BEGIN DATA LISTING

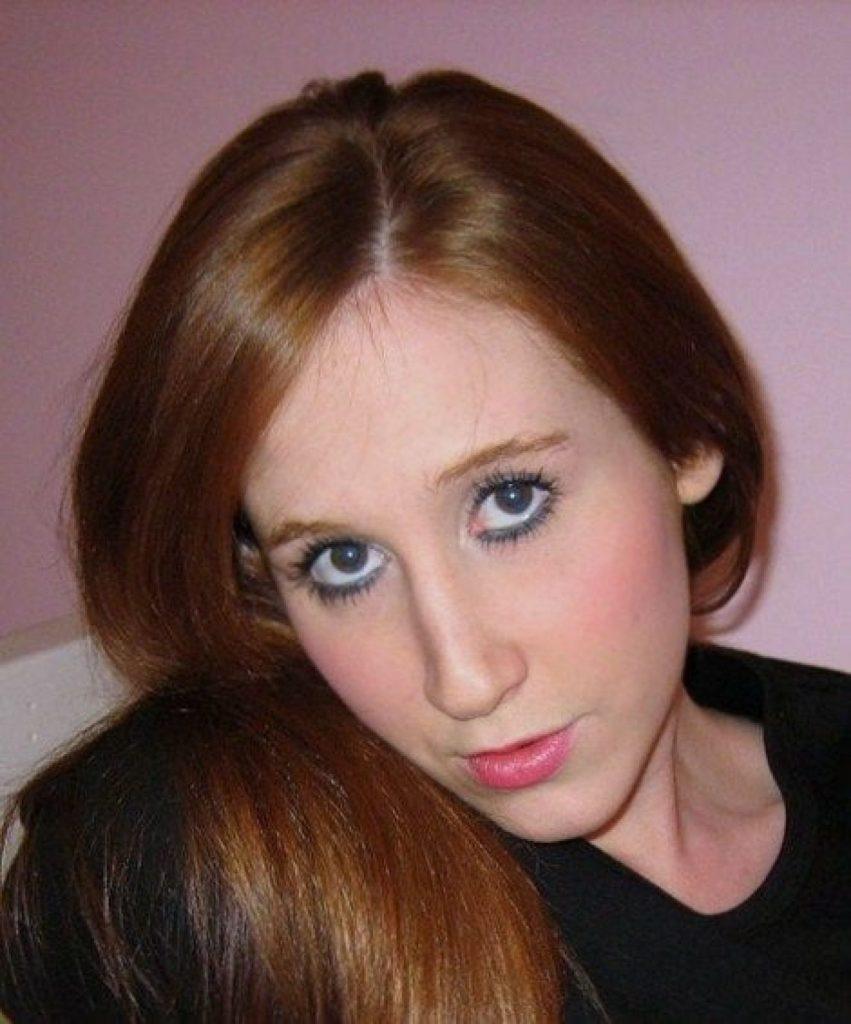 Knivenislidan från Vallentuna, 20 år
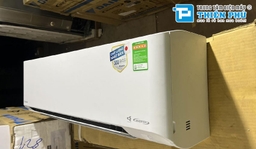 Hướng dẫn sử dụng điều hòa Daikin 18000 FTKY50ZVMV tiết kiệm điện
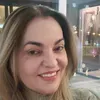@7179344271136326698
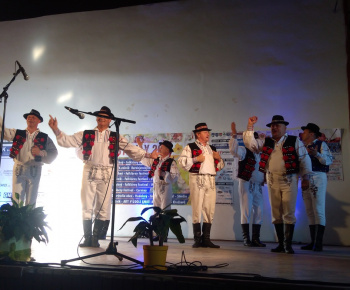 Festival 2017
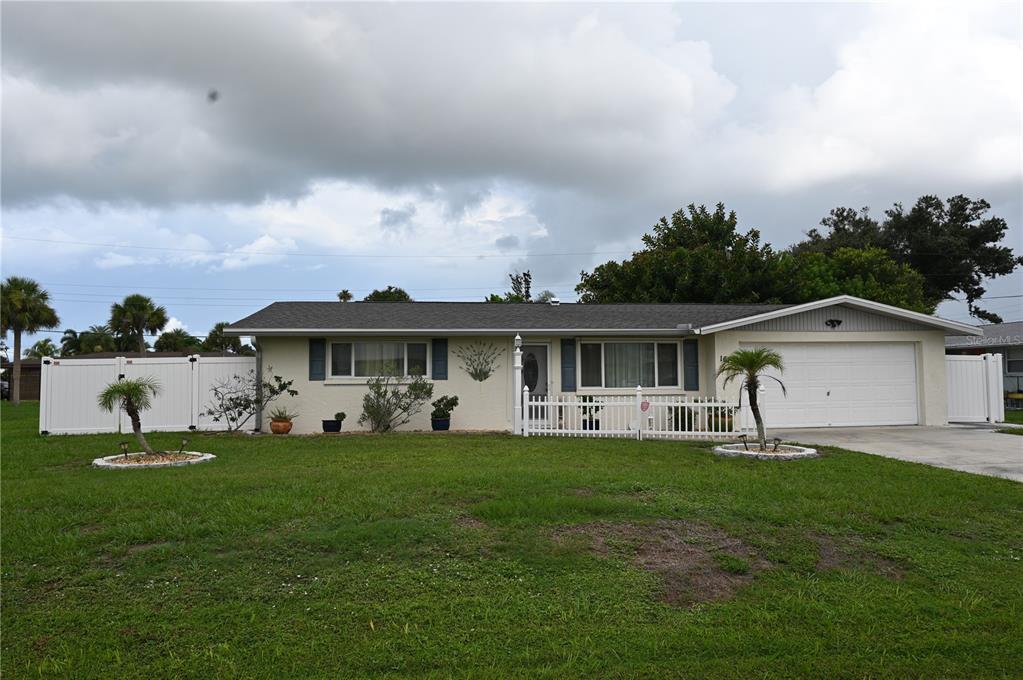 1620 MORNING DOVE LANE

END DATA LISTING
BEGIN DATA LISTING

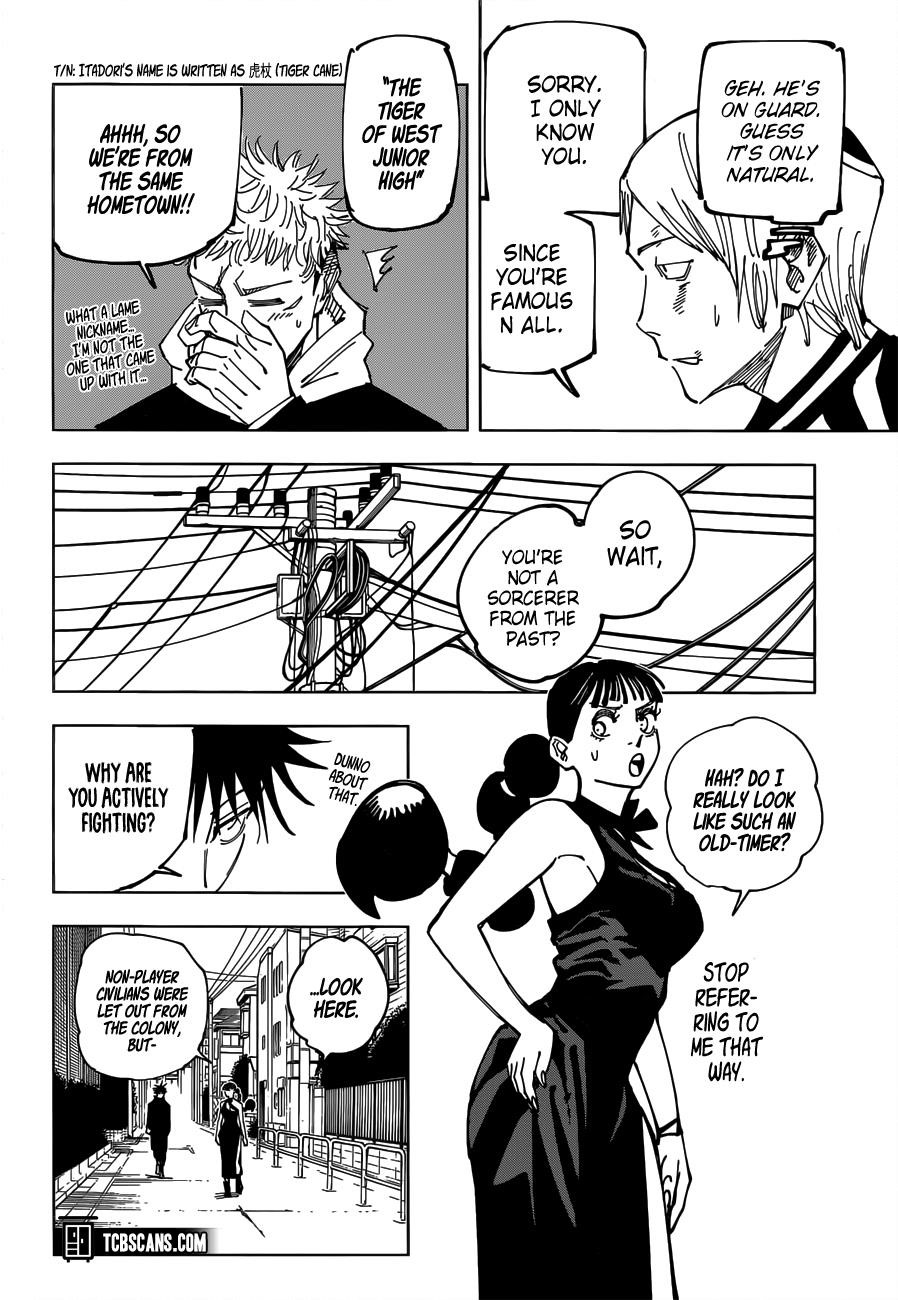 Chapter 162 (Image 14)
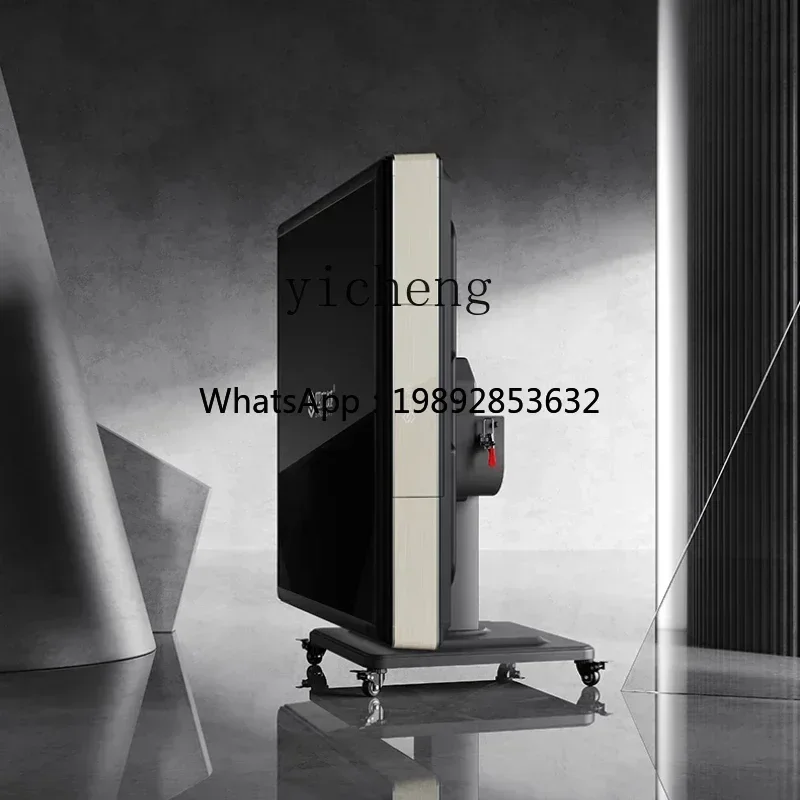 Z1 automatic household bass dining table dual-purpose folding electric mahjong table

END DATA LISTING

→ TRY IT
Above are some records. Output exactly the lines from the one that contains "Hướng dẫn sử" to the one that contains "1620 MORNING DOVE LANE", keeping both, and omit the pictures.

→ ANSWER BELOW
 Hướng dẫn sử dụng điều hòa Daikin 18000 FTKY50ZVMV tiết kiệm điện
@7179344271136326698
 Festival 2017
 1620 MORNING DOVE LANE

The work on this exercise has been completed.